The thief softens. He stops mocking Christ and then attempts to stop the mocking of Christ. “We deserve this, but not him,” he confesses to the crook on the other cross. “He did nothing to deserve this” (Luke 23:41). The thief senses he’s close to a man heaven-bound and requests a recommendation: “Jesus, remember me when you enter your kingdom” (23:42).

And Jesus, who made and makes an eternal life out of inviting illegal immigrants into his Oval Office, issues this grace-drenched reply: “Don’t worry, I will. Today you will join me in paradise” (Luke 23:43).

And the bad day of the bad man is met with the gracious gift of a mercy-giving God.

What does the thief see now? He sees a son entrust his mother to a friend and honor a friend with his mother (John 19:26–27). He sees the God who wrote the book on grace.

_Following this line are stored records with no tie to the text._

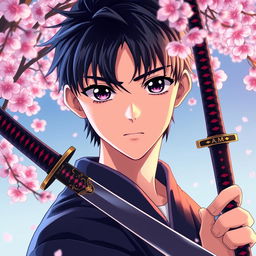 An anime-style young handsome man with striking black hair, holding a katana in his right hand while displaying a sad expression on his face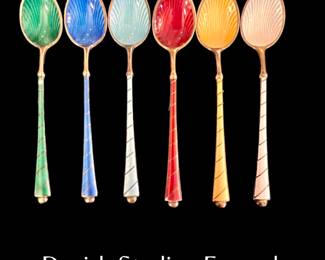 Danish enamel sterling vermeil demitasse spoons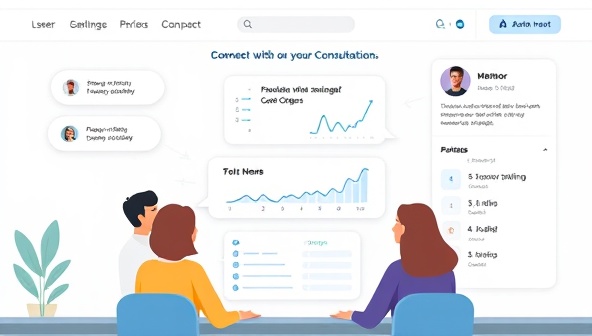 An interactive marketplace interface showcasing users connecting with financial mentors for personalized consultations, with chat bubbles, financial charts, and mentor profiles displayed, illustrating peer-to-peer financial consulting in a digital setting.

The God who coaxed Adam and Eve out of the bushes, murderous Moses out of the desert. The God who made a place for David, though David made a move on Bathsheba. The God who didn’t give up on Elijah, though Elijah gave up on God. This is what the thief sees.

What does he hear? He hears what fugitive Moses heard in the desert, depressed Elijah heard in the desert, adulterous David heard after Bathsheba. He hears what . . .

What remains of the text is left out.